September 2, 2020 at 1:01 am

Eliminating the evidence…

 

photo: Jasper Nance, Flickr via source

Pepsi Co., facing a lawsuit from a man who claims to have found a mouse in his Mountain Dew can, has an especially creative, if disgusting, defense: their soda would have dissolved a dead mouse before the man could have found it. An Illinois man sued Pepsi in 2009 after he claims he “spat out the soda to reveal a dead mouse,” the Madison County Record reports. He claims he sent the mouse to Pepsi, which then “destroyed” the remains after he allowed them to test it, according to his complaint. Most shudder-worthy, however, is that Pepsi’s lawyers also found experts to testify, based on the state of the remains sent to them, that “the mouse would have dissolved in the soda had it been in the can from the time of its bottling until the day the plaintiff drank it,” according to the Record. (It would have become a “jelly-like substance,” according to Pepsi, adds LegalNewsline.) This seems like a winning-the-battle-while-surrendering-the-war kind of strategy that hinges on the argument that Pepsi’s product is essentially a can of bright green/yellow battery acid.

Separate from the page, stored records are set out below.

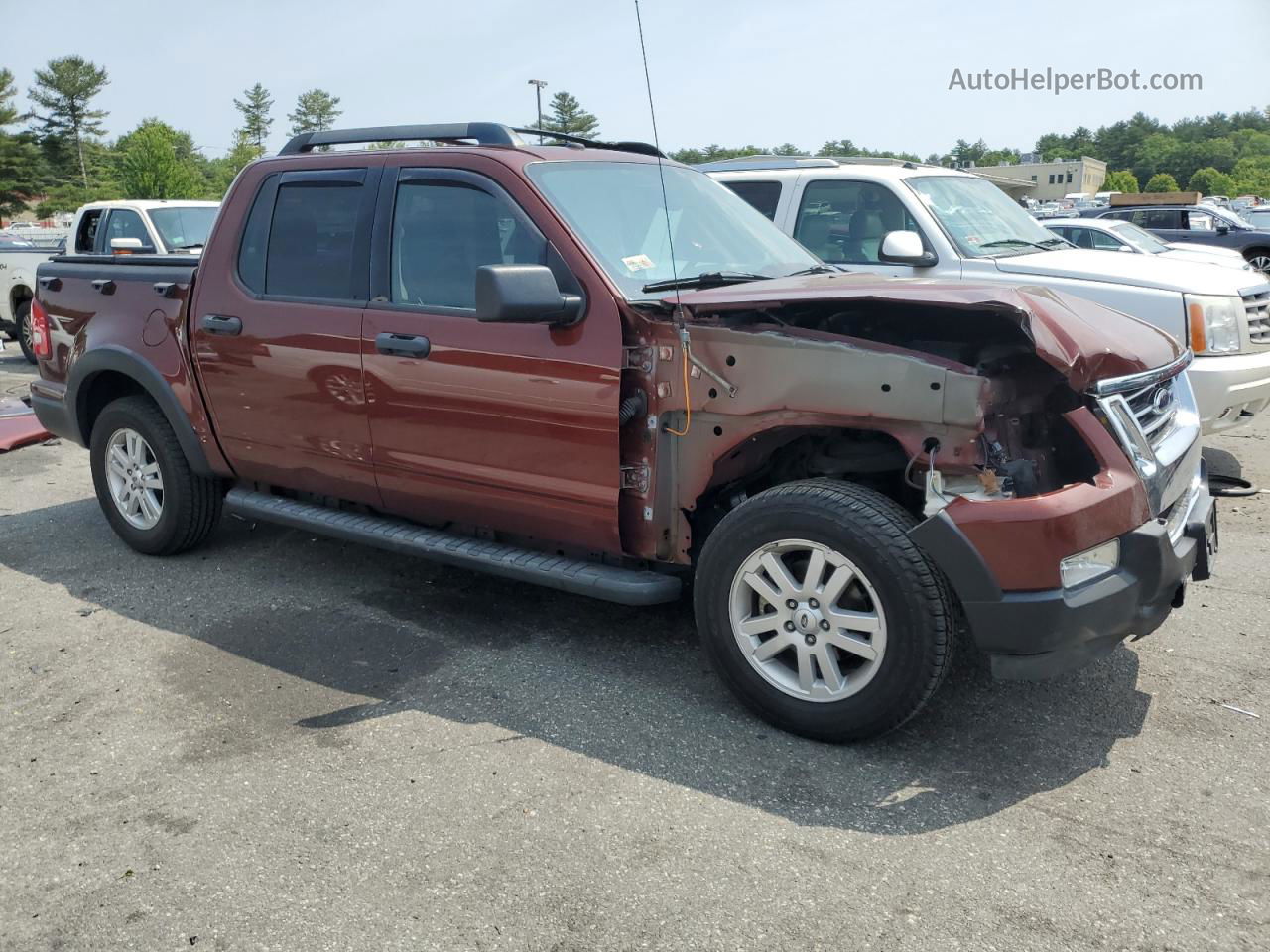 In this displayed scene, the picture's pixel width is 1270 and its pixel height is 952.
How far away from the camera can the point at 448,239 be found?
423cm

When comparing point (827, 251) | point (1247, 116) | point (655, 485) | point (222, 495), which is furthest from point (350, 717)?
point (1247, 116)

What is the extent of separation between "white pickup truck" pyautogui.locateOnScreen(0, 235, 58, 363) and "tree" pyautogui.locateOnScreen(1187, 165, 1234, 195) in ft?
481

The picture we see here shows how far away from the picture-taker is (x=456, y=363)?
160 inches

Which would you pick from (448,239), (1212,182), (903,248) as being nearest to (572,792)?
(448,239)

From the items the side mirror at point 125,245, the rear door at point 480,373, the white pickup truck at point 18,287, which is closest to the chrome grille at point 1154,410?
the rear door at point 480,373

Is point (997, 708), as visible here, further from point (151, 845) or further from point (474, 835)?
point (151, 845)

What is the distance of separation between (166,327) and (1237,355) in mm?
5763

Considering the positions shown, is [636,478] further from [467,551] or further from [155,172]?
[155,172]

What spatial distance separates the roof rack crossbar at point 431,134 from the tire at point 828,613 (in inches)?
75.4

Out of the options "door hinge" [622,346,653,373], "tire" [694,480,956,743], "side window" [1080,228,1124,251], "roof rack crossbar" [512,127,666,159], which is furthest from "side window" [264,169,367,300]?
"side window" [1080,228,1124,251]

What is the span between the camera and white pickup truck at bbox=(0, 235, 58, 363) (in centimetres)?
1369

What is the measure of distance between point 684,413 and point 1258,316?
15.6ft

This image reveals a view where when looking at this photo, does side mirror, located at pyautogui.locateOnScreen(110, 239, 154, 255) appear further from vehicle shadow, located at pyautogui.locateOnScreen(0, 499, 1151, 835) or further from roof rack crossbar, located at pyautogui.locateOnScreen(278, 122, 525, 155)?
roof rack crossbar, located at pyautogui.locateOnScreen(278, 122, 525, 155)

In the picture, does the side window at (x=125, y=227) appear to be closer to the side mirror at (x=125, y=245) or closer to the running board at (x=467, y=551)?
the side mirror at (x=125, y=245) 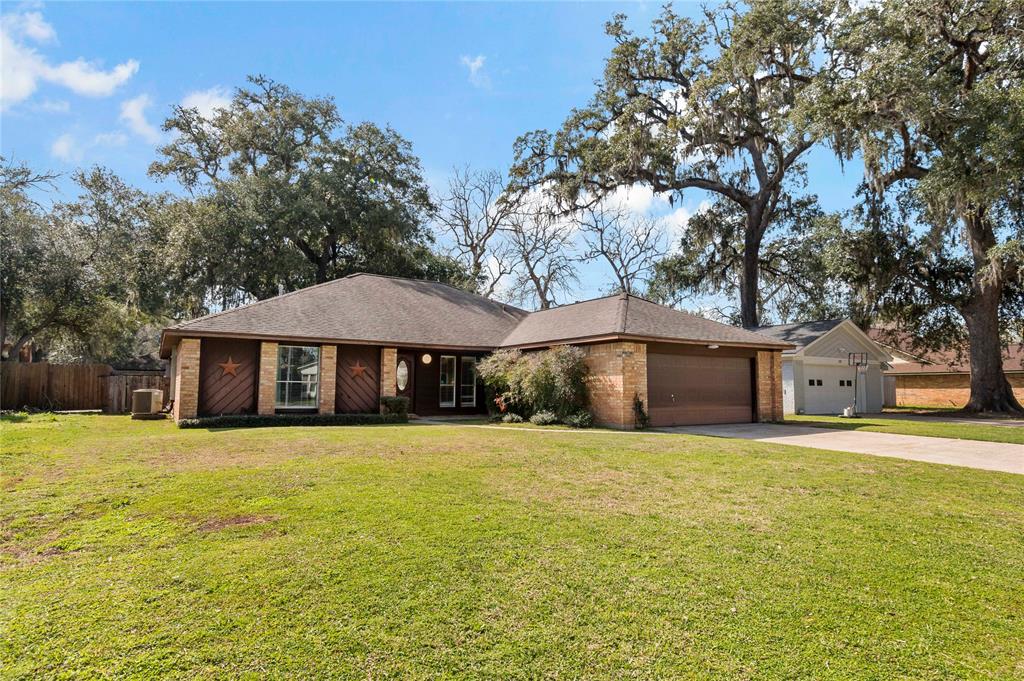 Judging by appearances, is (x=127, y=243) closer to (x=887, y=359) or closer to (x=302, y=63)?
(x=302, y=63)

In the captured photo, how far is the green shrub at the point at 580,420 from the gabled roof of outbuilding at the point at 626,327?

The lawyers still appear to be lawyering behind the scenes but we cannot wait for this to come to trial (though we think a trial is about as likely as the chances of us “Doing the Dew” ever again).

From AtlanticWire

 

As we refill our water bottles, we might recall that it was on this date in 1999 that the Euro made it’s debut in corporate and investment markets.  Euro cash replaced the local tender of the eleven participating nations almost exactly a decade ago: on January 1, 2002.

While the future of the European Monetary Union and the Euro are a bit clouded at the moment, this is the anniversary of the first time since the Ninth Century reign of Charlemagne, that (most of) the European continent was united by a single currency.